Coming into the season, one of the biggest storylines for the Sacramento Kings was how they would handle the point guard position. After the first handful of games, it's clear the team's point guards are headed in the right direction.
The Kings have received solid production from the tandem of Greivis Vasquez and Isaiah Thomas. Vasquez is the newcomer, with the team acquiring him via an offseason trade. Thomas was the incumbent and Sacramento's starting point guard for the majority of the past two seasons.
Between the two of them, Sacramento has two floor generals who could start on many teams. The fact that one of them has to come off the bench might create tension for more selfish players. But both Thomas and Vasquez have done well in their respective roles, and the two have also been successful when on the court together.
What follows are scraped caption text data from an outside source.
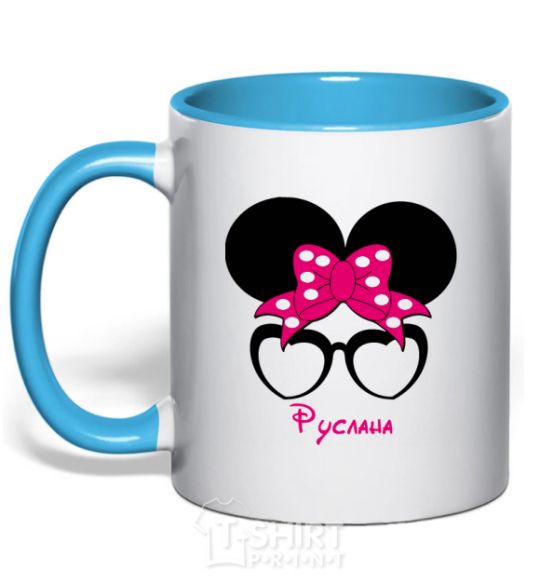 Mug with a colored handle Ruslana minnie sky-blue фото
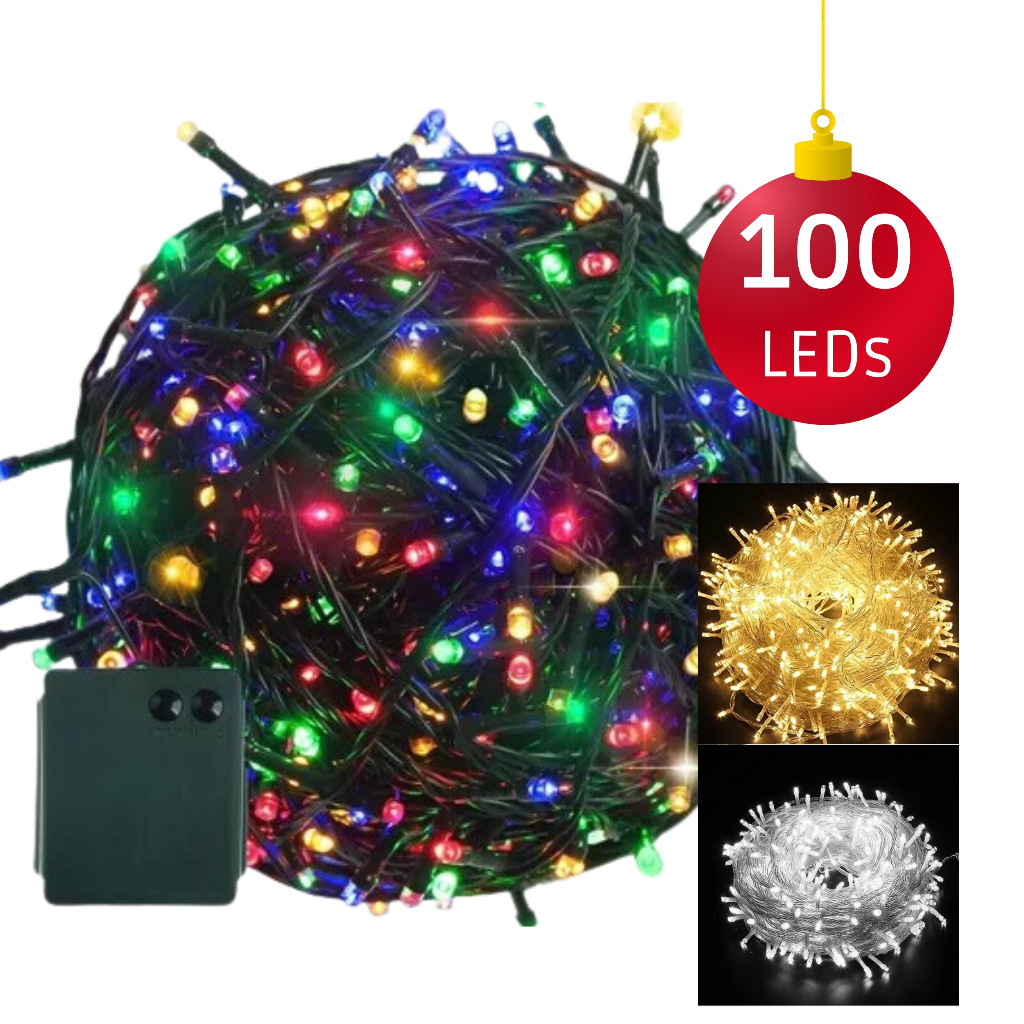 Pisca Pisca Natalino Luzes de Natal Decoração Branco Amarelo Colorido 100 LEDs 10 Metros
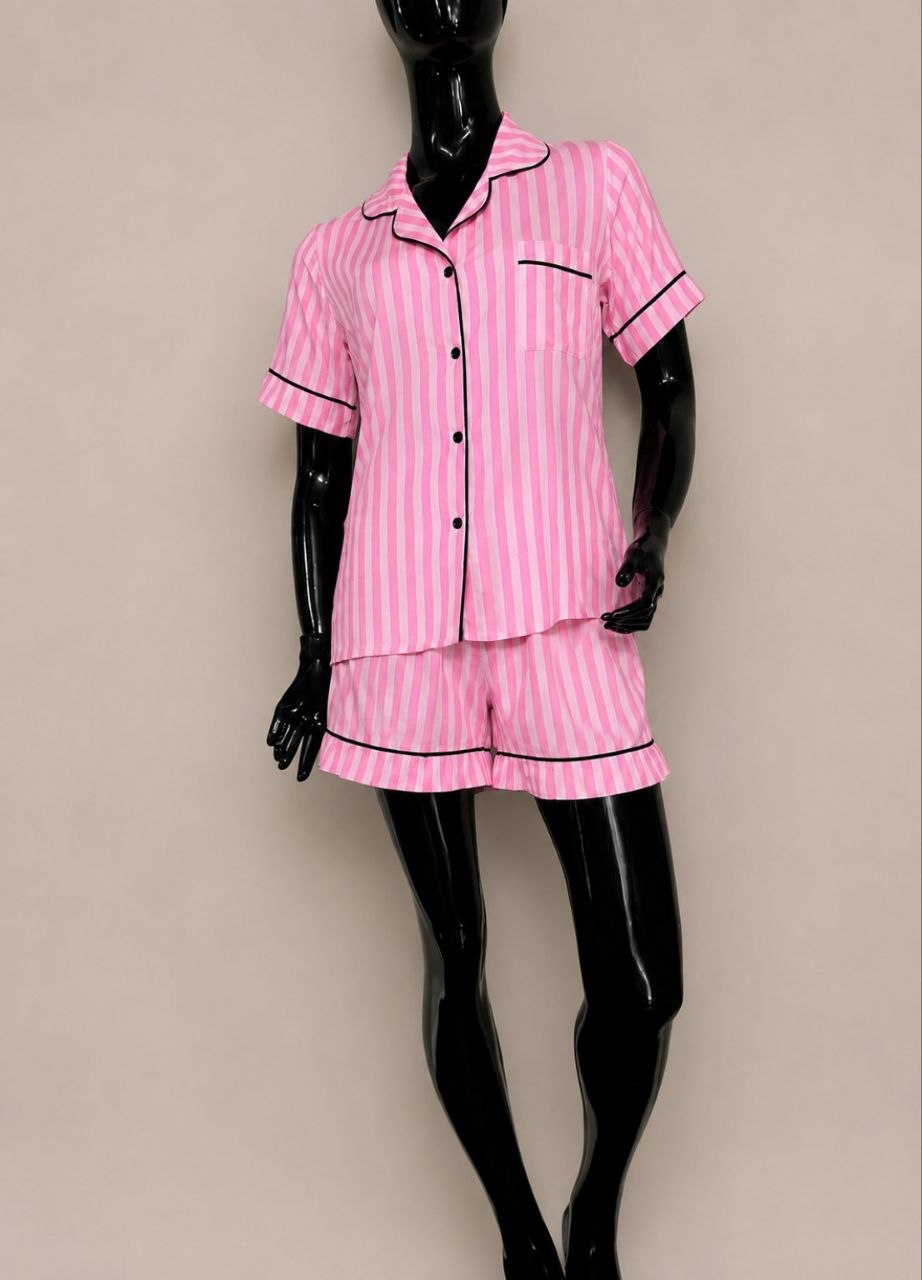 Pink Stripe Cotton Pajama Set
Through this early juncture, there's not much more the Kings could ask of the point guard position. That's saying a lot considering the duo has only played a total of 10 regular-season games together.
Greivis Vasquez Is the Right Man to Run the Offense
When the Kings acquired Vasquez from the New Orleans Pelicans as part of the sign-and-trade involving Tyreke Evans, the team knew it was getting the type of facilitator it'd been lacking. After all, Vasquez led the NBA in total assists in 2012-13, was third in assists per game and second in assist percentage.
Now in a new setting, it's been a work in progress for Vasquez through the early part of the schedule. He's certainly had his moments, like the 17-point, 12-assists performance against the Brooklyn Nets, but he's not yet fully acclimated to his new surroundings, as he acknowledged last week.
"I just feel like I’ve still got to pick my spots," Vasquez said. "It’s a different culture, it’s a different team, so I’ve got to adjust myself. That’s my homework. That’s on me. I’ve got to do better at that."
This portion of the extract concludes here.